*** Opening of Supplied entries ***

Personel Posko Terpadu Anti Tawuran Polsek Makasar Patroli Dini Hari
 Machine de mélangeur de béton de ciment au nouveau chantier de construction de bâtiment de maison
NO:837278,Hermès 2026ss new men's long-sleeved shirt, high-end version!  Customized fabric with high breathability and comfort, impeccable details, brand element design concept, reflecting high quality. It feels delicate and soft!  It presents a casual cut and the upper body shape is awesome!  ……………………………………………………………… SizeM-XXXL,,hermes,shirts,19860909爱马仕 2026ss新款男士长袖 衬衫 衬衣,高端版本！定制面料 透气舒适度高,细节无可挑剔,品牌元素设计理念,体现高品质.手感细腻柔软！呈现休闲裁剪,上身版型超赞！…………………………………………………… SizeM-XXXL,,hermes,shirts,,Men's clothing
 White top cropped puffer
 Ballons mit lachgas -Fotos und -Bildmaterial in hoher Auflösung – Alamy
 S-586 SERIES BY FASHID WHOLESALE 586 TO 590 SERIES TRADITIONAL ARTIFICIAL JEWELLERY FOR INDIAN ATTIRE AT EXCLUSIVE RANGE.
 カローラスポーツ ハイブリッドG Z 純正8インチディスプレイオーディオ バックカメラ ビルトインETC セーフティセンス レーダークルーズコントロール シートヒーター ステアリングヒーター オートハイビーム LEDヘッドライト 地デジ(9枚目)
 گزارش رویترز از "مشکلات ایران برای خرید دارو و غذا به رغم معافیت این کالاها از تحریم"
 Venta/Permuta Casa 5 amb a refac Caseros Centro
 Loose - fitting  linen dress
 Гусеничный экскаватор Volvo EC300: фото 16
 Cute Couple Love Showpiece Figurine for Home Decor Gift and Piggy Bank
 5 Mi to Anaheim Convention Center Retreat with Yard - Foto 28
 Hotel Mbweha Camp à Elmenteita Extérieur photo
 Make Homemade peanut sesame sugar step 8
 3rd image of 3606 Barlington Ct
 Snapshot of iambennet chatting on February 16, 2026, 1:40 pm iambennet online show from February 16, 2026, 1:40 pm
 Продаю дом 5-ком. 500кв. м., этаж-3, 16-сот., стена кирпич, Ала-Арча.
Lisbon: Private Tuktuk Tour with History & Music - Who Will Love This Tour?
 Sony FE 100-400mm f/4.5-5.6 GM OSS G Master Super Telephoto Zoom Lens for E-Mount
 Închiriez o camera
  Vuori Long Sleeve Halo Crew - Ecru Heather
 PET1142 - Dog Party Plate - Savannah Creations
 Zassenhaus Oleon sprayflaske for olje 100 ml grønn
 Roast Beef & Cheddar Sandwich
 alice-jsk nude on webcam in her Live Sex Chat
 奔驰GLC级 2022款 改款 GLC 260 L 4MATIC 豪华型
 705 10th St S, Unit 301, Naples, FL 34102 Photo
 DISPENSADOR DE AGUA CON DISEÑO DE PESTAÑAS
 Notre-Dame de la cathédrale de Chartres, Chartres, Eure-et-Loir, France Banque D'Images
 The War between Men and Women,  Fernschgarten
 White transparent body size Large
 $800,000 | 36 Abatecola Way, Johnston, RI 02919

*** Close of Supplied entries ***

### Your task
All lines from the beginning of the entries through the line marked "Machine de mélangeur" are to be output exactly; nothing else belongs in the answer.

### Solution to this exercise
Personel Posko Terpadu Anti Tawuran Polsek Makasar Patroli Dini Hari
 Machine de mélangeur de béton de ciment au nouveau chantier de construction de bâtiment de maison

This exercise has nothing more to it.